My school's gone to HECC...
The Hoosier Educational Computer Coordinators' Conference, that is.
Day Two, Friday, lots of fun!
The second session I went to was a talk about the i-SAFE Internet safety program. Pretty cool program, it's free (gratis, that is, by way of government funding), and aimed at various sectors of the populations though mostly geared towards schools. They provide curriculums, handouts, videos, presentations, and stuff to educate people about how to be safe on the internet. They have a program through which they encourage high school students to become i-SAFE Mentors to elementary school kids, which I think is great: involving the kids rather than talking at them.
Besides the school-oriented stuff, they have an i-PARENT program for parents, an i-SHIELD program for law enforcement officers, and even an i-FIFTY+ program for older people who are just now getting their first experience of the 'net.
It's reassuring to see someone see the dangerous side of the Internet and not just say "It's evil! Keeps kids away from it!" as that's about as effective as promoting abstinence as the only way of fighting HIV-AIDS. Honest and open education is the only effective way to empower people to make informed decisions and be safe in a frankly unsafe world.
Some interesting statistics: According to the i-SAFE guy 90% of parents think they have a pretty good idea of what their kids are doing online, while 60% of kids think their parents have NO IDEA what they do online. Think about that. Don't quote me on this, though, as I'm not notorious for my photographic memory.
While waiting for the session to start, I was approached by the Technology Director and Assistant of Canterbury School who are joining me in using Ubuntu in their 1:1 computing classrooms. Welcome to the community, Vern! I told him they absolutely HAD to join the Ubuntu and Education Community Mailing List, so I hope to see them both on there soon.
The third session I attended was a "Discussion of Web Filtering Practices" which, unfortunately, turned out to be a sales pitch even though it was not listed as a vendor session. The first ten or fifteen minutes were sort of unbiased, a discussion of why we might want to filter. Moot, though, since we would forfeit federal funding if we DIDN'T filter. The rest of the time was spent explaining why we should buy this particular vendor's filter.
Lunch followed, which was pretty good. Timothy Magner from the U.S. Department of Education talked about School 2.0, among a few other things. One thing that kind of bothered me--though it may just be that I misinterpreted him--was his repeated emphasis on the United States needing to be competitive against the rest of the world, especially India and China, whereas the way I see it we should be cooperative with the rest of the world.
We are one planet, stewards of the same Earth, aren't we?

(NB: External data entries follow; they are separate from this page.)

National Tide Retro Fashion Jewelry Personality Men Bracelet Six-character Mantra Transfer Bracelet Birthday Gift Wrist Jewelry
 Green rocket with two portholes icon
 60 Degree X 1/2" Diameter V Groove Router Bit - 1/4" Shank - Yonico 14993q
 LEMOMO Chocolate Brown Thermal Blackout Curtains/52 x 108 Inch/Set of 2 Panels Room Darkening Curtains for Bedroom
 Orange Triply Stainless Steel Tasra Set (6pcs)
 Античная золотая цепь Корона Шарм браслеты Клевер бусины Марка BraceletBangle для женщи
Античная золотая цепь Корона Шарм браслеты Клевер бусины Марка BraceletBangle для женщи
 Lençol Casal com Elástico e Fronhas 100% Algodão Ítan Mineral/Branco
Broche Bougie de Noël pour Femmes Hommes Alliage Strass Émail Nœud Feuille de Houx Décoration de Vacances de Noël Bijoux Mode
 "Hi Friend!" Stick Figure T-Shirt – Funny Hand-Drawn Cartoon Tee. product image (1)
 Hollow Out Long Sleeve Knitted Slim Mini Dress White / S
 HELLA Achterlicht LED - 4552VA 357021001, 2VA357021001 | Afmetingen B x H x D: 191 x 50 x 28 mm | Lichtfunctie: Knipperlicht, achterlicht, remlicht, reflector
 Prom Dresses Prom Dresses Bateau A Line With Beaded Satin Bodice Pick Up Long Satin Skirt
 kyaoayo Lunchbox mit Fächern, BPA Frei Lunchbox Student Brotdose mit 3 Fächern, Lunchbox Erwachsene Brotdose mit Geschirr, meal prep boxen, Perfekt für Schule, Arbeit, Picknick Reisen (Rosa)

The next talk I was at was on "Educational Blogging", Sandra Doran gave an introductory talk about blogging with her son John, who is a very animated and delightfully knowledgeable speaker. John even treated the audience to a demonstration on how to install Mozilla Firefox along with a couple of his favorite extensions. Way to fly the Free Software flag, John!
I was flattered and slightly flabbergasted to see my blog on Sandra's bloglines aggregator list screenshot. Noone ever comments on my blog, and Blogger doesn't keep track of how many hits I get, so I'm always a little surprised to learn I'm not just writing to myself.
Thanks for helping bring blogging to the education world, Sandra, I believe it's a very worthwhile tool (obviously).
The last presentation I saw was a run-through of some good Open Source Desktop Applications by Lance Woods, from the Southern Indiana Education Center, he went through several good applications and showed them off a little bit. I talked to him a little bit afterwards, and he's a very cool guy.
He was still running Breezy though, on his laptop; I suggested he update to Edgy. It was neat to see someone else running Ubuntu, though, so mad props for that!
And that's all I have to say about that.